Uskup Agung Jakarta: Pancasila harus menjadi watak bangsa

id Uskup agung jakarta,Ignatius suharyo,persatuan indonesia

Uskup Agung Jakarta: Pancasila harus menjadi watak bangsa

Uskup Agung Jakarta sekaligus Kardinal Mgr. Ignatius Suharyo (kanan) dan Imam Besar Masjid Istiqlal KH. Nasaruddin Umar (tengah) menyimak dongeng budaya dari budayawan Mohamad Sobary sebelum Kuliah Kebangsaan di Wisma Antara, Jakarta, Kamis (17/10/2019). ANTARA FOTO/Aditya Pradana Putra/aww.

Jakarta (ANTARA) - Uskup Agung Jakarta Monsinyur Ignatius Suharyo mengatakan Pancasila harus menjadi watak bangsa dalam menjaga persatuan dan kesatuan Indonesia.

"Nilai-nilai dari sila pertama sampai sila kelima diharapkan jadi watak setiap negara Indonesia . Kalau itu berjalan, proses ini berjalan, saya yakin bangsa ini akan sungguh-sungguh mampu sampai kepada cita-cita kemerdekaan. Tapi kalau energinya itu dihabis-habiskan untuk berkelahi untuk bertikai, kita sungguh khawatir ini akan sampai ke mana ini perjalanan bangsa kita," kata dia di Jakarta, Kamis.

Ia mengatakan hal tersebut dalam kuliah kebangsaan "Kita Bersatu Membangun Indonesia: Bangunlah Jiwanya, Bangunlah Badannya Untuk Indonesia Raya".

Dia mengatakan jika Pancasila benar-benar dihayati maka akan membentuk watak, yakni watak berketuhanan, berprikemanusiaan, persatuan, kerakyatan dan keadilan.

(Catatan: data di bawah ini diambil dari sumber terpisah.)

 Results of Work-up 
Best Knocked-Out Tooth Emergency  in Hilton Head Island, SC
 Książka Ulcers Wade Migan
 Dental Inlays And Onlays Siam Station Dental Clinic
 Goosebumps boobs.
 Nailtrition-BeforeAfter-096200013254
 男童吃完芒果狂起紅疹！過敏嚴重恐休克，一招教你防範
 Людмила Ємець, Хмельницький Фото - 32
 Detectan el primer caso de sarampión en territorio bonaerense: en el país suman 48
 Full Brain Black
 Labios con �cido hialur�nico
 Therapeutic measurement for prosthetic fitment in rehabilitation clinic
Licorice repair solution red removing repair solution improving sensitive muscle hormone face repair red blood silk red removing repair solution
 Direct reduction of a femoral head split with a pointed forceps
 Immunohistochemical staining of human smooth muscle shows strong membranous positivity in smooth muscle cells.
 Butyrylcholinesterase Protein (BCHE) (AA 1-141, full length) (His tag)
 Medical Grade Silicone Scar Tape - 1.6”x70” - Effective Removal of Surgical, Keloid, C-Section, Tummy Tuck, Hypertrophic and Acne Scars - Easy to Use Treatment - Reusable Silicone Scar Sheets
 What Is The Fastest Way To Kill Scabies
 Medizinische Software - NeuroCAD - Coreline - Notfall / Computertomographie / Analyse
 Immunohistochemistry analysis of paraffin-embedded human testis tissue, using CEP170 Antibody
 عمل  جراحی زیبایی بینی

Untuk penguatan nilai Pancasila, kata Suharyo yang belum lama ini ditahbiskan sebagai kardinal Indonesia oleh Tahta Suci Vatikan, hal yang paling penting adalah kesadaran moral untuk menghayati dan menjelmakannya ke dalam pemikiran dan bertindak.

"Suatu bangsa, suatu negara itu tidak selesai dibangun pada waktu diproklamasikan, tetapi selalu merupakan suatu proses yang terus menerus harus dirawat dan dikembangkan. Tantangan-tanganan harus dihadapi," tuturnya.



Kalau setiap warga negara Indonesia mempunyai watak Pancasila, ujar dia, maka mereka bisa mempunyai peran yang penting dalam merawat kehidupan berbangsa dan bernegara.

Nilai-nilai Pancasila tersebut harus dihidupi dan dijadikan modal pembentukan keteladanan yang dapat menularkan nilai positif kepada masyarakat.

"Karena teladan itu abadi, kalau hanya ceramah itu bisa mudah dilupakan, tapi kalau melihat seorang pemerintah atau tokoh nasional yang hidupnya sungguh-sungguh demi bangsa dan Tanah Air, saya yakin itu akan menjadi motivasi yang sangat besar bagi seluruh warga negara untuk ikut mendukung dalam usaha perjuangan ini," ujarnya.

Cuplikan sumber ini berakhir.